> _AVAILABLE DATA_:
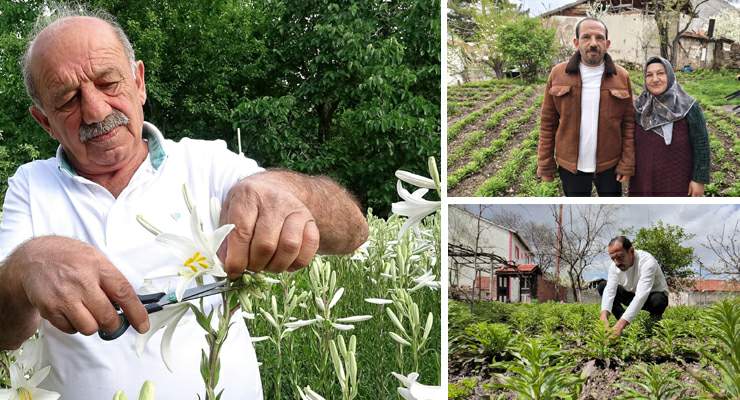 Babasından miras kalan akzambaklara gözü gibi bakıyor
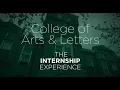 The Internship Experience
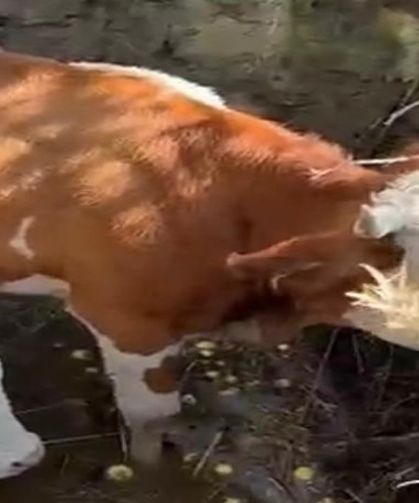 Çukura düşen 2 inek kepçeyle kurtarıldı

> _TASK INSTRUCTIONS_: Every line of the listing is to be retyped exactly; pictures stay out.

> _ANSWER TO THIS TASK_:
 Babasından miras kalan akzambaklara gözü gibi bakıyor
 The Internship Experience
 Çukura düşen 2 inek kepçeyle kurtarıldı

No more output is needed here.